Indian families are calculating value with the precision of investors
The lesson is already clear: perception matters as much as policy. The turbulence of last year damaged confidence not because of the outcomes, but because of the signals.
For Australia, this is both a challenge and an opportunity. We cannot assume that the advantages Australia has relied on, including the reputation for quality, safety, and lifestyle are enough. They are necessary, but they are no longer sufficient. Australia must position itself as the country that not only offers a world-class education, but also delivers clear, consistent pathways to employment, skills, and long-term value. If students believe Australia offers stability and a strong return on their investment, they will continue to choose the country in growing numbers. If they sense uncertainty, they will look elsewhere.
The long game is about building trust that endures beyond election cycles or policy shifts. It is about signalling clearly and consistently to Indian students and their families that Australia values their ambition and will support their journey. It is about deepening partnerships across the education ecosystem to demonstrate that choosing Australia is not just a degree decision, but a life decision that pays dividends.

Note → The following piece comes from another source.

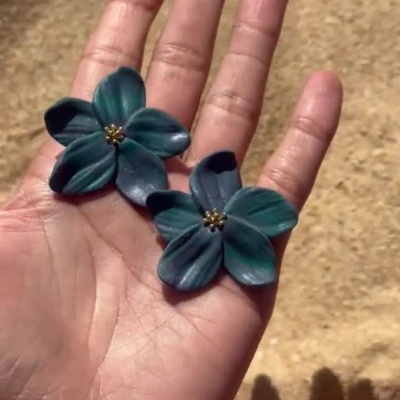 Flores artificiais azuis escuras numa mão em fundo de areia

What gives me confidence is that the fundamentals remain strong.
Demand from India is not slowing. Families are still determined to give their children a global education. The question is not whether Indian students will study abroad. The question is where they will feel confident investing. Australia has every opportunity to be that destination, if it aligns with the value-driven mindset of today’s students and plays the long game.
As we meet at AIEC in Canberra, I’m looking forward to approaching the conversation with boldness. The stakes are high, but so is the opportunity.
If we adapt, if we think strategically, and if we commit to building stability and trust, then we can secure not just enrolments for today, but long-term partnerships for decades to come.